Download or read book Radical Equations written by Robert Moses and published by Beacon Press. This book was released on 2002-06-10 with total page 260 pages. Available in PDF, EPUB and Kindle. Book excerpt: The remarkable story of the Algebra Project, a community-based effort to develop math-science literacy in disadvantaged schools—as told by the program’s founder “Bob Moses was a hero of mine. His quiet confidence helped shape the civil rights movement, and he inspired generations of young people looking to make a difference”—Barack Obama At a time when popular solutions to the educational plight of poor children of color are imposed from the outside—national standards, high-stakes tests, charismatic individual saviors—the acclaimed Algebra Project and its founder, Robert Moses, offer a vision of school reform based in the power of communities.

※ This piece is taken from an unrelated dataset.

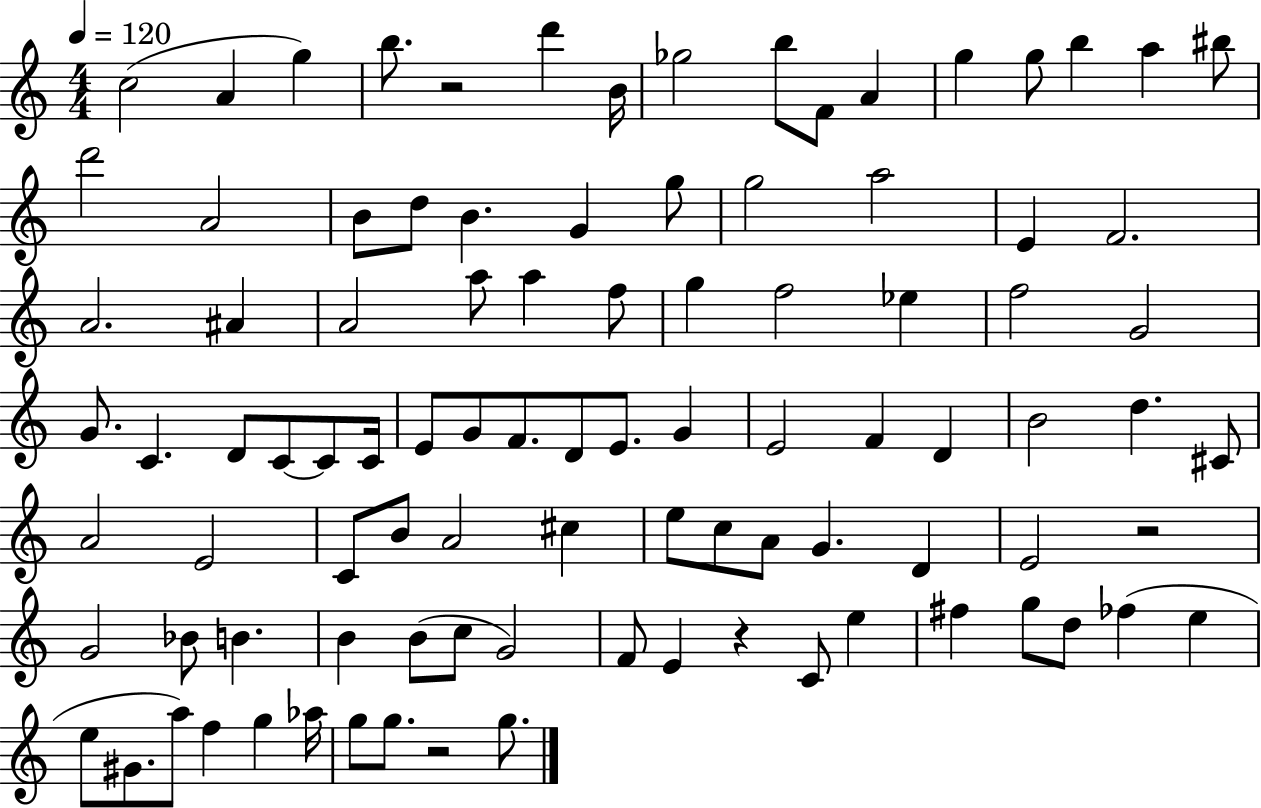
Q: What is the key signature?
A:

Begun in 1982, the Algebra Project is transforming math education in twenty-five cities. Founded on the belief that math-science literacy is a prerequisite for full citizenship in society, the Project works with entire communities—parents, teachers, and especially students—to create a culture of literacy around algebra, a crucial stepping-stone to college math and opportunity. Telling the story of this remarkable program, Robert Moses draws on lessons from the 1960s Southern voter registration he famously helped organize: “Everyone said sharecroppers didn't want to vote. It wasn't until we got them demanding to vote that we got attention. Today, when kids are falling wholesale through the cracks, people say they don't want to learn. We have to get the kids themselves to demand what everyone says they don't want.” We see the Algebra Project organizing community by community. Older kids serve as coaches for younger students and build a self-sustained tradition of leadership. Teachers use innovative techniques. And we see the remarkable success stories of schools like the predominately poor Hart School in Bessemer, Alabama, which outscored the city's middle-class flagship school in just three years. Radical Equations provides a model for anyone looking for a community-based solution to the problems of our disadvantaged schools.